Despite drawing and being involved in art and illustration from a young age, I deliberately chose to major in a non-fine art but still artsy field in college (Interior Design), because I thought I wanted nothing to do with the art world. I found it to be too intimidating for an introvert like myself. After graduation I worked a myriad of jobs, none of which were art related, and none of which I found very fulfilling. It wasn’t until I found out about Etsy in 2013, and decided to put a few of my hand painted mugs and prints up for sale, that I started to seriously consider art as a profession.
Etsy made it easy for me by providing a wall between myself and the harshness of the art world, the “internet wall.” I really needed that anonymity at the time to share my art with the world. My shop has changed a lot from those early days, though my most popular item remains the coffee mug.
As Etsy has rapidly grown, I have had to grow as well. I used to think that being “on trend” was the key to success, but then I realized that all of the mug and print shops were starting to look the same, and commonality was winning over uniqueness. I made the change away from that by focusing on art that made me happy to make. I find that most of my customers are those who have loved ones living far away from themselves and want to give them a gift they can use everyday that reminds them of each other and the importance of that relationship. The most satisfying part of running my Etsy shop is hearing about those kinds of stories via emails and reviews people write me.
I love drawing animals and the relationships we share with them as humans. To me, the bonds I share with my own companion animals (two bunnies), as well as those I happen to meet on the street or a friends house, always seem immediate and lifelong. I am definitely that person who hangs out with the dog all night at a house party.
The innate goodness of animals has always been something I have drawn strength from and drawing them gives me great comfort. I often use the juxtaposition of an innocent animal in an environment where they don’t quite belong, somehwere cold and possibly sinister, to reflect the frustration and awe I feel about fitting into the world around me. I think that my color palette also comes from growing up watching old Ukrainian and Russian cartoons on a fuzzy television, cartoons that were made for children but often had melancholy imagery and a haunting soundtrack that seemed to hang in the air of my childhood in post Soviet Union, Ukraine.

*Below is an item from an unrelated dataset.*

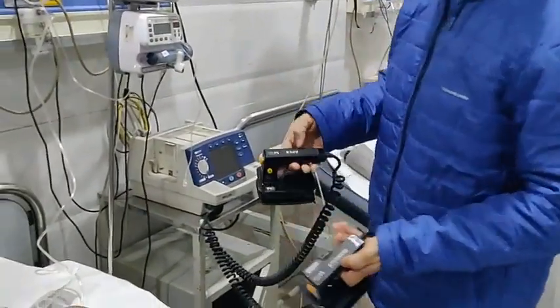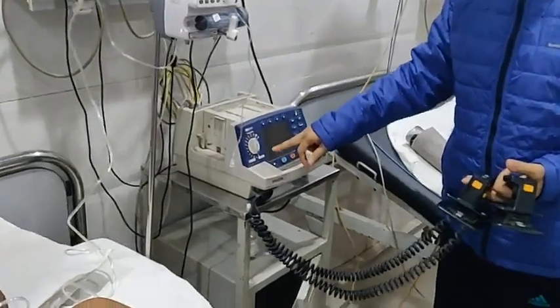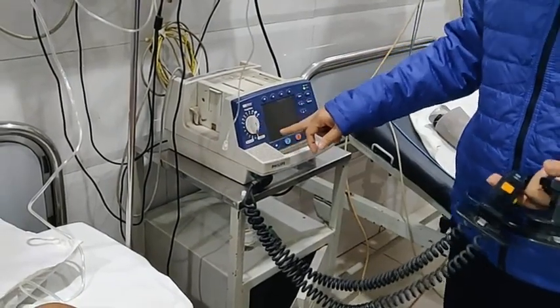This is the sternum paddle and this is the apex paddle. You can see there are different joule settings of energy with which we can deliver the shock.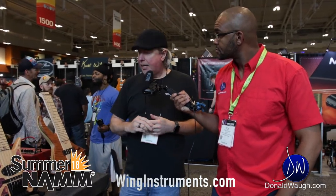Where can people find these products to purchase? All our other products you can find at winginstruments.com. We don't have the guitars out on the site yet, but we will soon, within a couple of weeks. But if you need to order immediately, you can email me at andy@winginstruments.com or give us a call.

Yuliya Pieletskaya was born in Odessa, Ukraine, but spent the later half of her childhood in upstate New York. She studied design and business at the Fashion Institute of Technology, graduating in 2012 with an A.A.S in Interior Design and a B.S. in Marketing. Since then, alongside working on commissions and freelance illustration work, Yuliya has been designing, making, and selling her own collection of greeting cards, prints and coffee mugs on Etsy. Her illustrations draw on themes of nature, eastern European art, and a love for animals, as well as more mysterious and melancholy themes.